- YOUR OBJECTIVE: Restate exactly the lines below, from the one containing "May include: A" through the final line, and leave out the pictures.

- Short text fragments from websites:
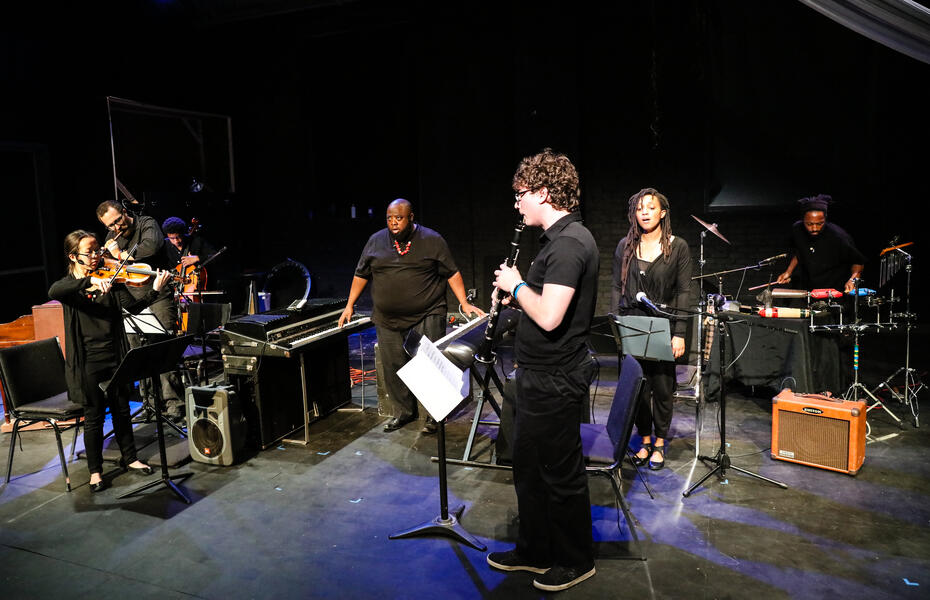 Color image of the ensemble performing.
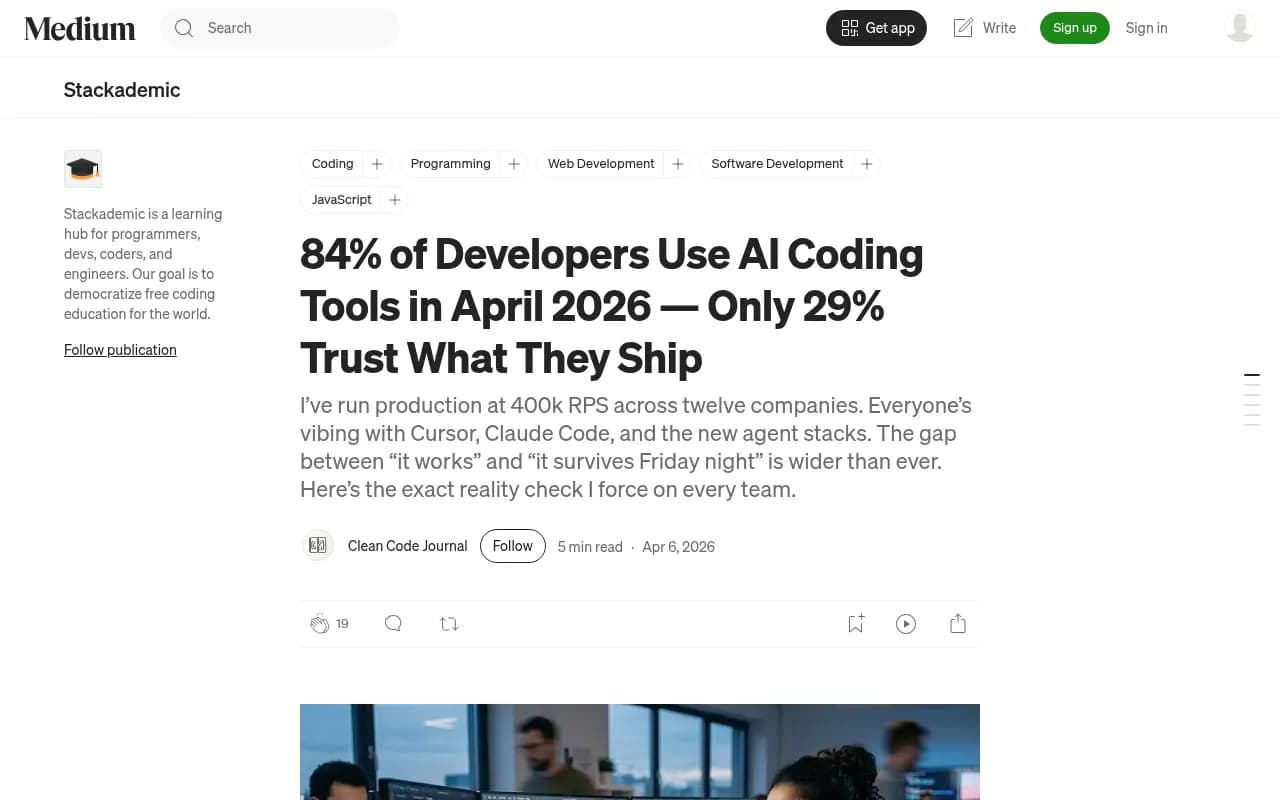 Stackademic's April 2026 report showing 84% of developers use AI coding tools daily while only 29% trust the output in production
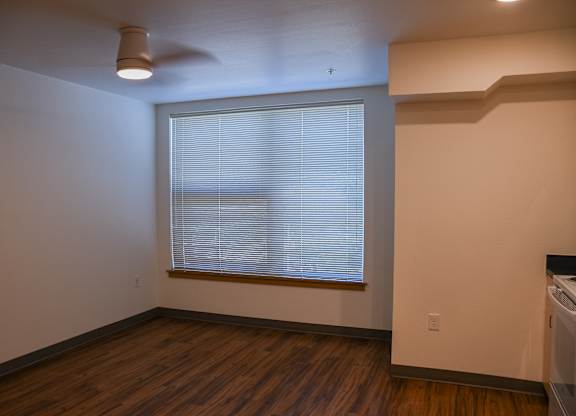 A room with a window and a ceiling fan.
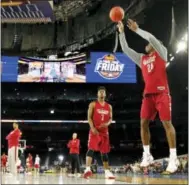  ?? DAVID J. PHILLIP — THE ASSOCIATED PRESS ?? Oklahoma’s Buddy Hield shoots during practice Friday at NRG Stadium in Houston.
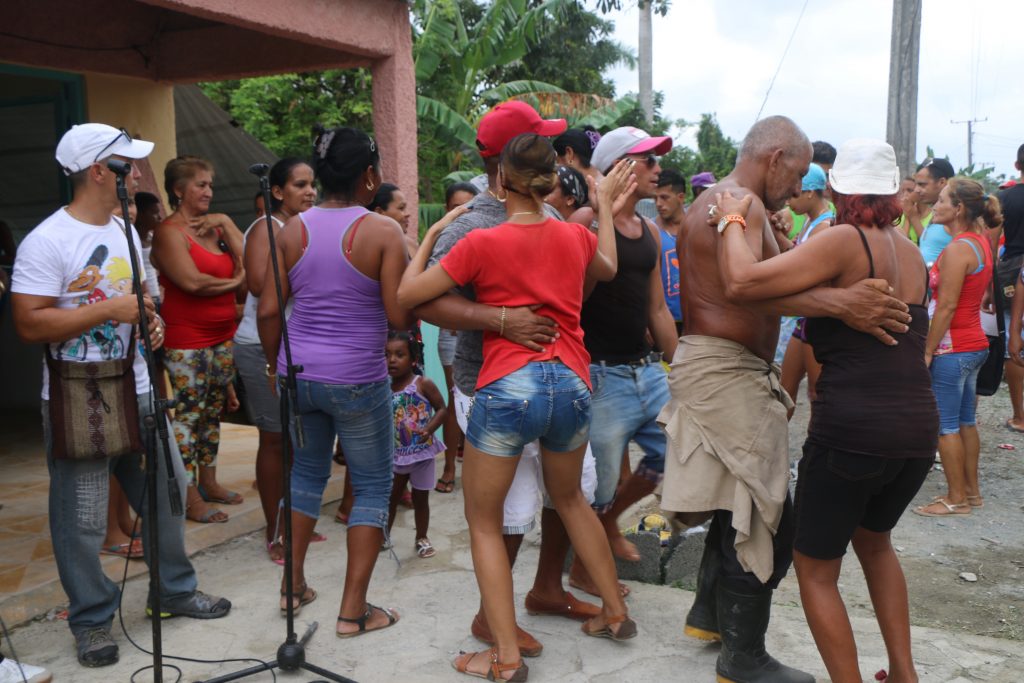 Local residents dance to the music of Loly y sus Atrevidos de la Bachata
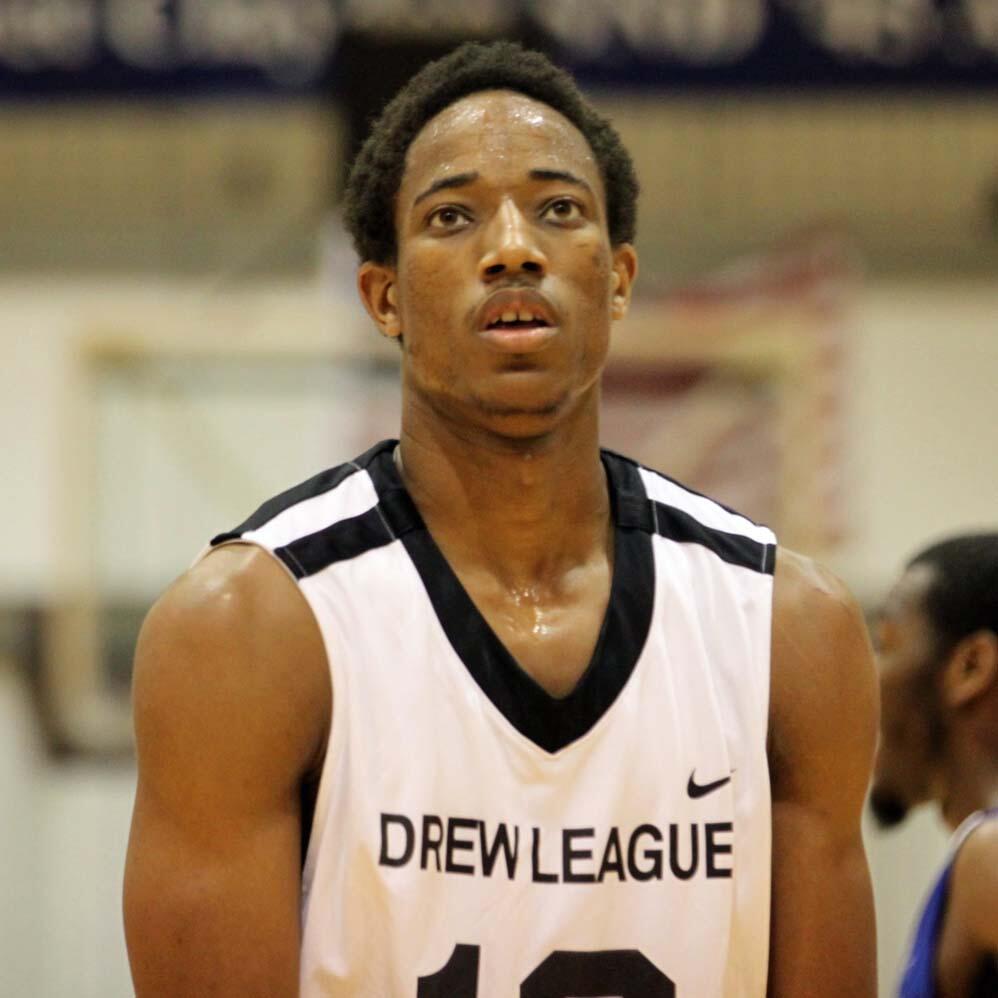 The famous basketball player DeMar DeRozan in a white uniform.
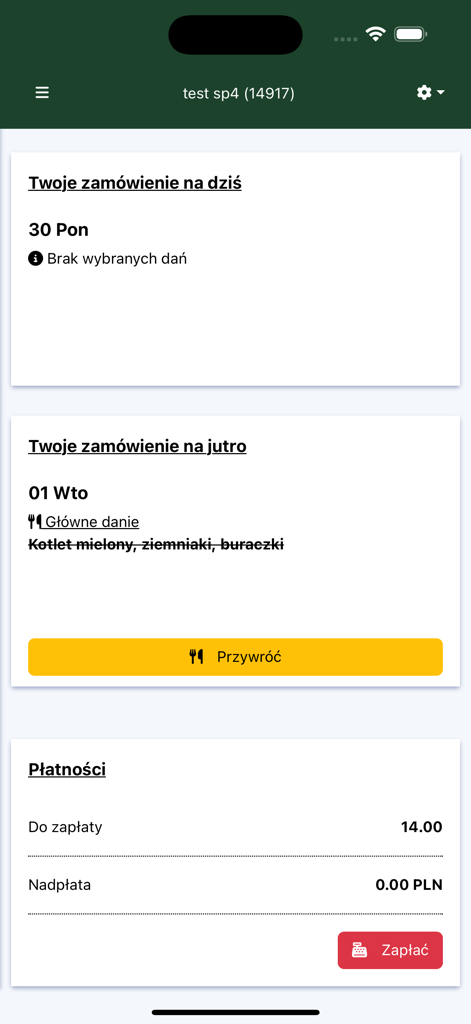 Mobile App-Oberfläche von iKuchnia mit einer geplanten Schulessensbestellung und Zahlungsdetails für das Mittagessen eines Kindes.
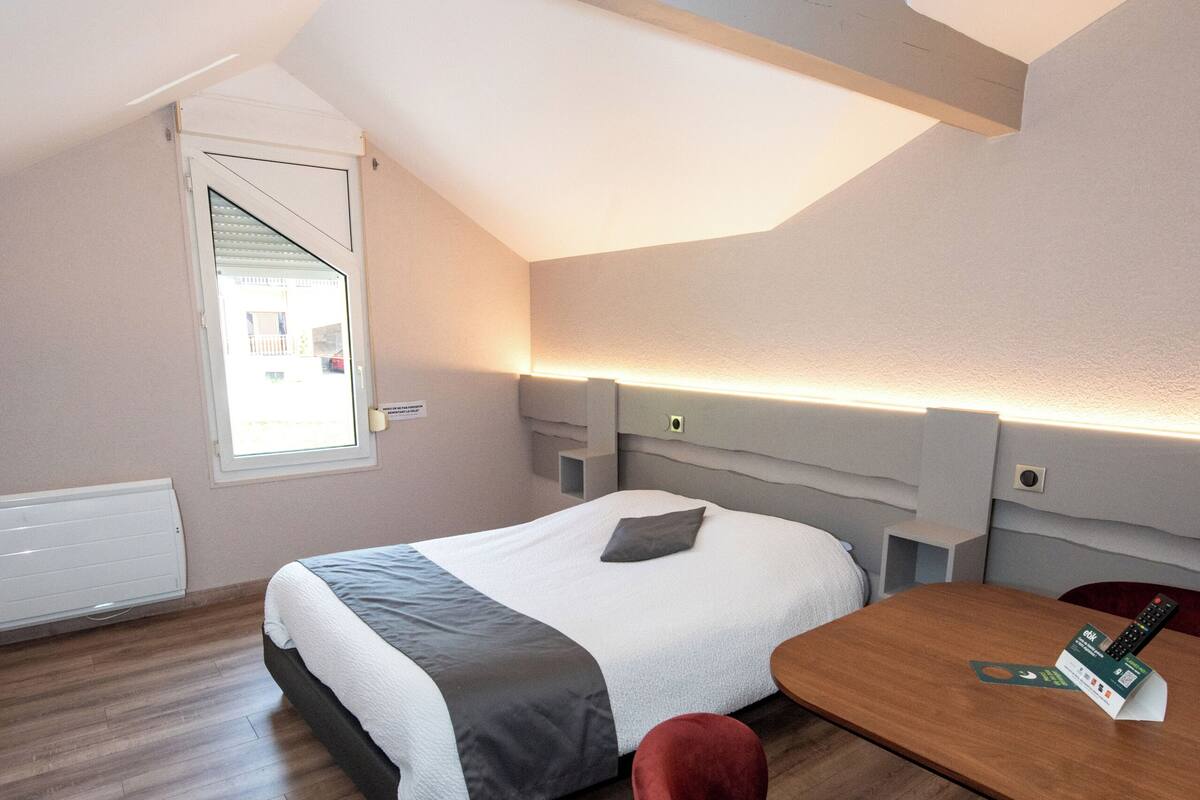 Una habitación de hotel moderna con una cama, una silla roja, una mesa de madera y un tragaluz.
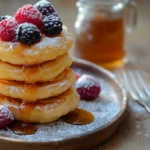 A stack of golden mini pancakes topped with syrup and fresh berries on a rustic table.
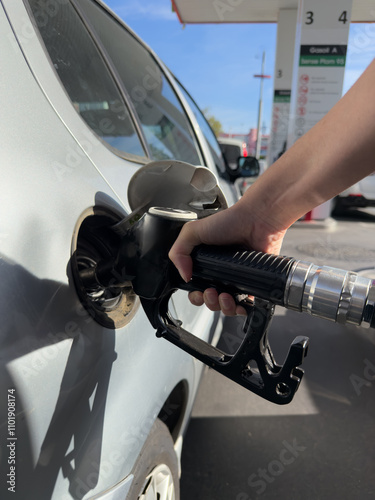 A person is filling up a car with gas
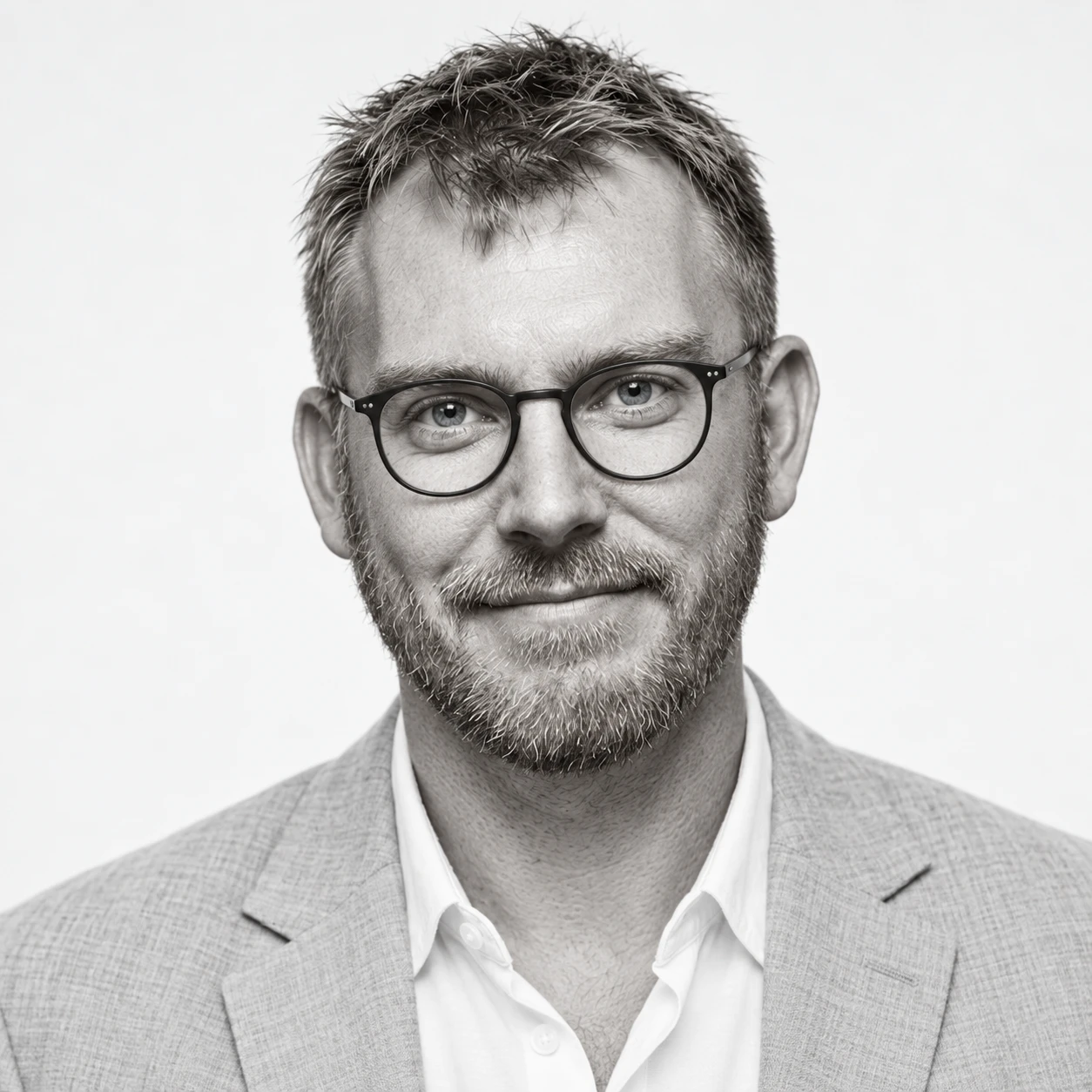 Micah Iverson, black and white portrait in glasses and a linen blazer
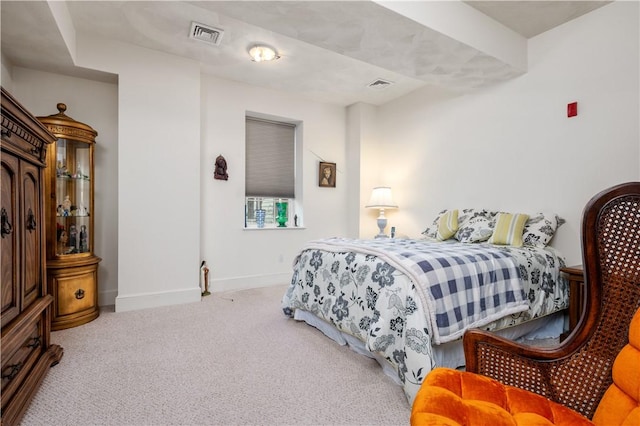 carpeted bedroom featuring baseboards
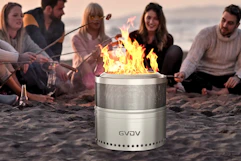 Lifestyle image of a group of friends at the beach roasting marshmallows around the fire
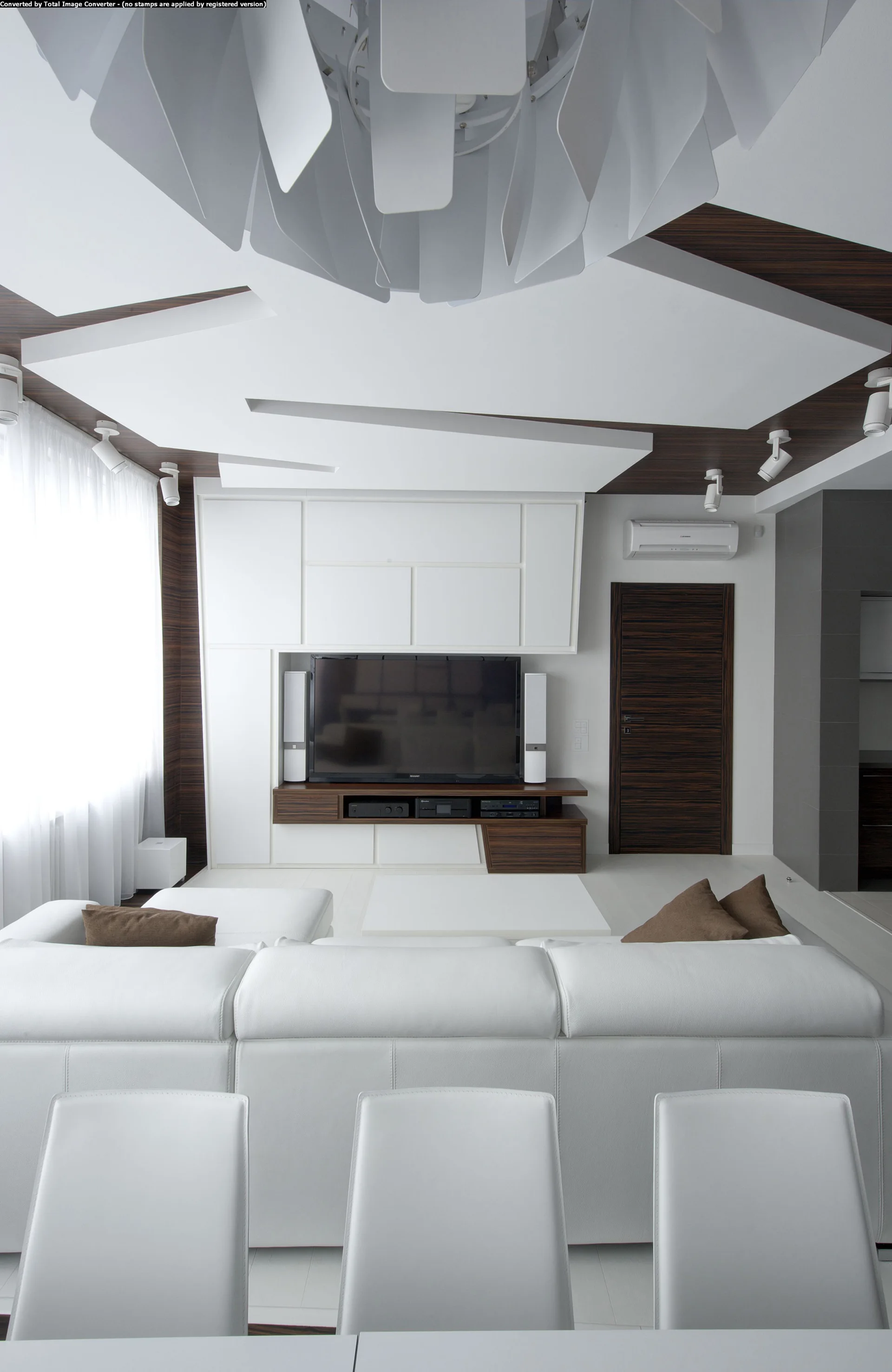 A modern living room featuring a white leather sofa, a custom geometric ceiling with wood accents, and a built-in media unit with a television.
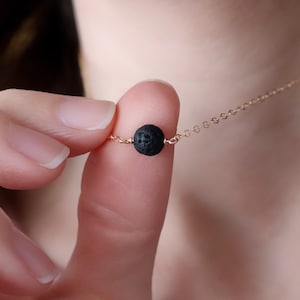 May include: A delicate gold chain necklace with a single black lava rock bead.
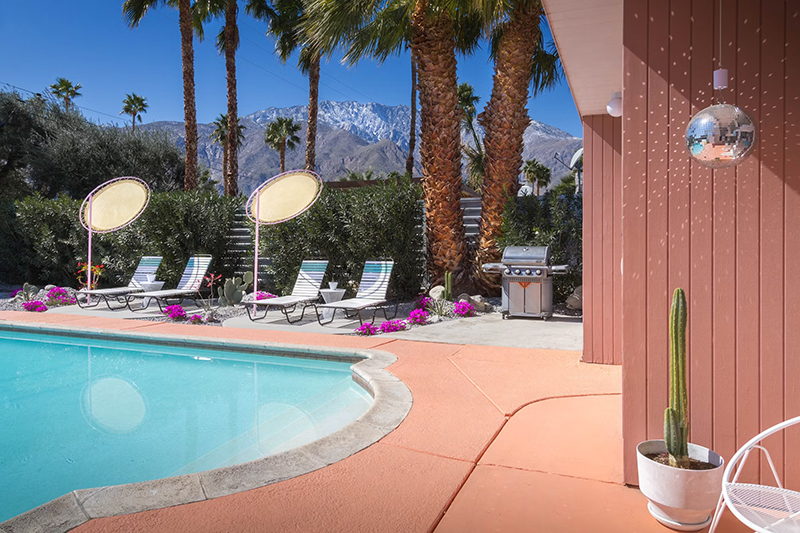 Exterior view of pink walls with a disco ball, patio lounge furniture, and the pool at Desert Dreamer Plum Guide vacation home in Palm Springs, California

- ANSWER TO THE EXERCISE:
 May include: A delicate gold chain necklace with a single black lava rock bead.
 Exterior view of pink walls with a disco ball, patio lounge furniture, and the pool at Desert Dreamer Plum Guide vacation home in Palm Springs, California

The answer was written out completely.